JoBiv: Well, it did sound argumentative.
Roomie B: Yeah?

So I called up our landlord, Stan, and introduced myself. We had a very pleasant conversation, between my tolerance of his long-winded mumbly-ness and his tolerance of my interruptions, and I mananged to get him started on the shattered window, the bathroom sink (which is a solid block of porcelain with only one leg supporting it) and the front garden. I saved the following issues for another time, perhaps AFTER I sign a lease:

-Moldy/rotted wooden bathroom window frame
-Mold on every painted surface in the bathroom
-Peeling, water-stained ceilings
-Big chunks of plaster falling off the walls
-The screen porch with the floor rotting away on the south side
-Punctured screens in every room
-Warped windows/doors in every room (the heating bills must be incredible!)
-The naaaasty carpet on the entrance stairs with various stains and smells

Roomie B warned me that he may ask, "Well, if it's in such bad shape, why'd you move in?" I withheld my vitriolic commentary.

But yes, I feel a little duped.

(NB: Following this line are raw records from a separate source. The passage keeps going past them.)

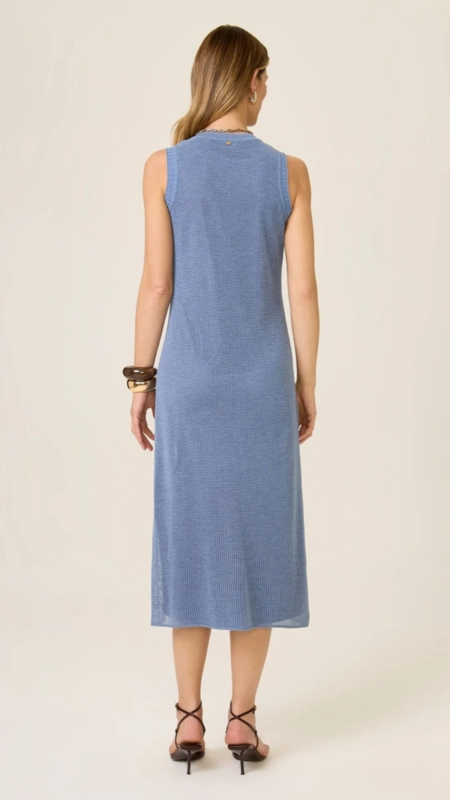 vestido midi dudalina tricot sem manga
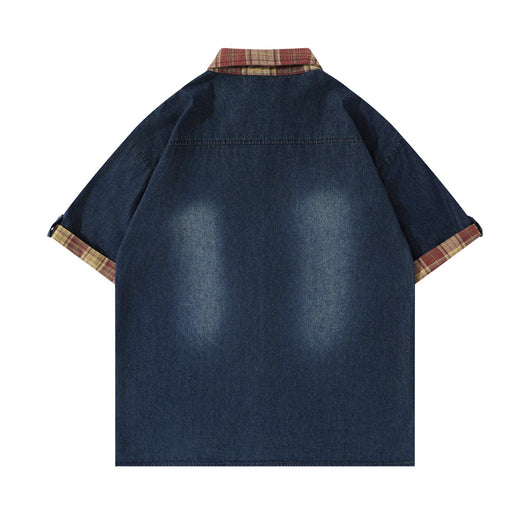 Camisa Denim Suelta Verano para Hombre - Image 11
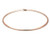 14k Rose Gold 4mm Domed  Omega Necklace 18 Inches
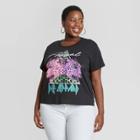 Live Nation Women's Plus Size Def Leppard Animal Short Sleeve Graphic T-shirt - Black
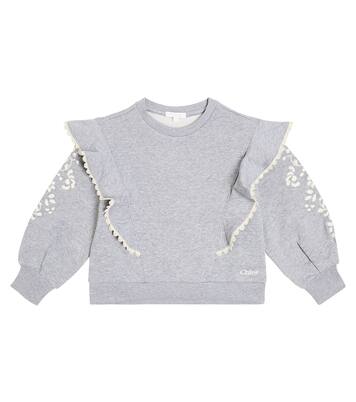 Sudadera en jersey de algodón | Chloé Kids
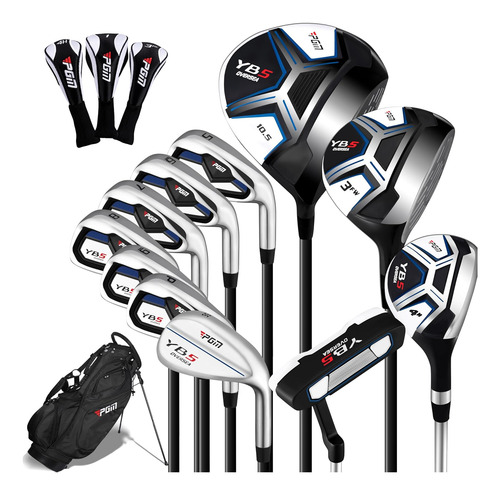 Pgm Juegos Completos De Palos De Golf Para Hombre, 11 Piezas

More than that, I feel like an idiot for not cataloguing these issues before, for not going back to see the place before I accepted, etc. As I looked at places I put them into two categories: Enh, and No Way In Hell. The one place I actually wanted was a "garden level" apartment with a kind of eccentric girl in it whom I might have gotten along with swimmingly. Garden level... do you hear me? JoBiv, who said she would never fall for living in a basement again? And that was my best option? (At $725/mo, I might add.) So now I'm living in one of the Enh apartments, and I HAVE TO QUIT WHINING ABOUT IT. It was my decision. If it's intolerable, I can always move, right? And it won't be hard to get out of my lease (if I ever sign one) because the place is a travesty.

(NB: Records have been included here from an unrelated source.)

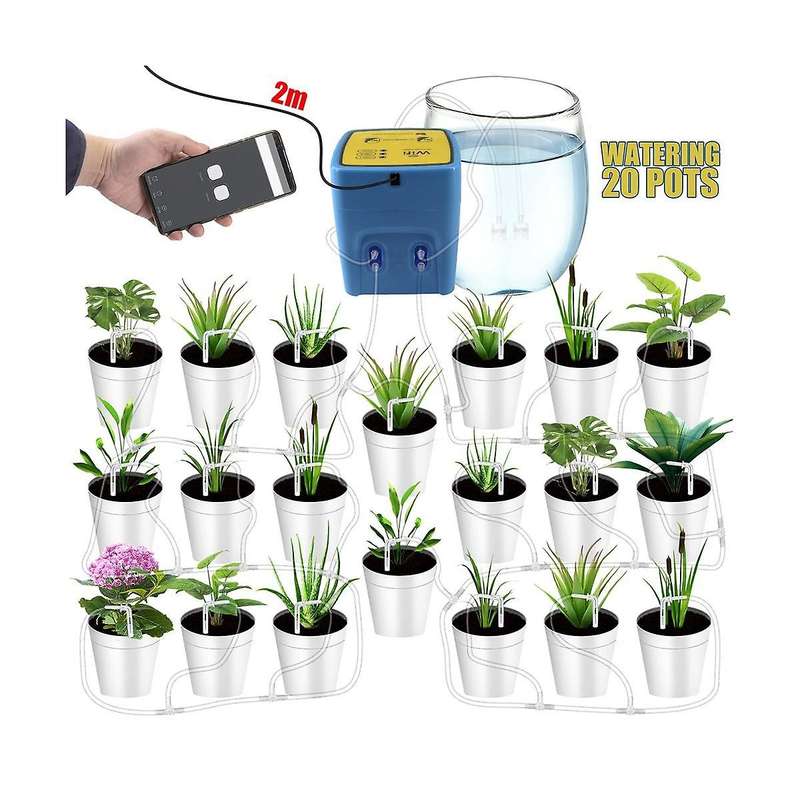 Watering Device Double Pump Timed Automatic Drip Irrigation System Remote APP Controller Garden Too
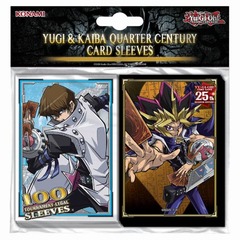 Yugi & Kaiba Quarter Century Card Sleeves 100 Ct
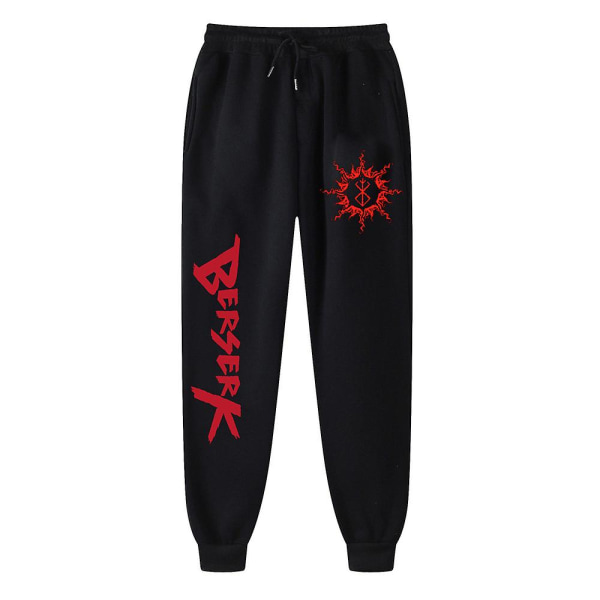 Anime-housut Berserk lenkkeilyhousut Naisten pitkät housut miesten casual housut Harajuku Streetwear lenkkeilyhousut Y2k miesten lenkkeilyhousut pitkät housut black 2 XXL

My dad is coming into town tonight. He's working again - a very good thing - and starting out in Milton MA or something. It will be good to see him and hug him and have proof that he's alive and well, but I can tell you... I'm not looking forward to justifying my decisions to him. Nannying, moving, loan problems... It all makes me feel like a terrible coward.

Friday, August 05, 2005

Cotton, go back from whence you came!

I haven't figured out how to work the TV in the new place yet, and therefore the JoBiv-Weather Channel umbilical cord has been severed. At first I felt a sense of freedom. One can step out into the day with the most scant knowledge of the weather and still survive. It's true! Up until yesterday, I had four lovely, though hot and humid days, despite my ignorance of the exact movements of all cloud cover for the Boston metro area.

Perhaps I was getting a little cocky.

This morning, I heard on the radio that we could see highs of 100 degrees today! Consider yourself warned, JoBiv! Taking advantage of a few extra usable morning minutes, I carefully selected a white polo shirt over black shirts (turns out I have seven black shirts) and exhanged crops and sneakers for a skirt and flip-flops. Having even more free moments, I filled a pitcher with water and visited each of the houseplants, proud of my forethought, imagining how parched and withered they would be on this hottest of hot days without my tender loving care. I refilled to water the plants on the deck, the porch, and Maurice, who currently guards the front steps.

"Here you go, Maury," I said aloud, for I am not shy around my plants, "Drink up! You'll need it."

Silly Jo. I should have looked at my white shirt and thought, "Hmm. What happened the last time I wore you? Ah, yes! A deluge! And the time before that? Hurricane. Perhaps I will wear a black shirt after all."

I did not think that. I wore the white shirt.

The heavens opened over me.

JOHANNA, YOU THINK YOU ARE SO SMART, LIVING WITHOUT THE WEATHER CHANNEL, GOING HITHER AND THITHER IN WHITE SHIRTS AND PREMEDITATIVELY WATERING PLANTS! ::SPLOOSH::

If any one of you, my few and dear readers, live in a particularly arid region, happen to be caught in a prolonged drought, or would like to experience a spontaneous wet t-shirt contest, send me your address. In return, I will send you this magic shirt, free of charge! I'll even pay shipping! GOOD GOD SOMEONE TAKE IT!

And poor Maurice without his swimmies.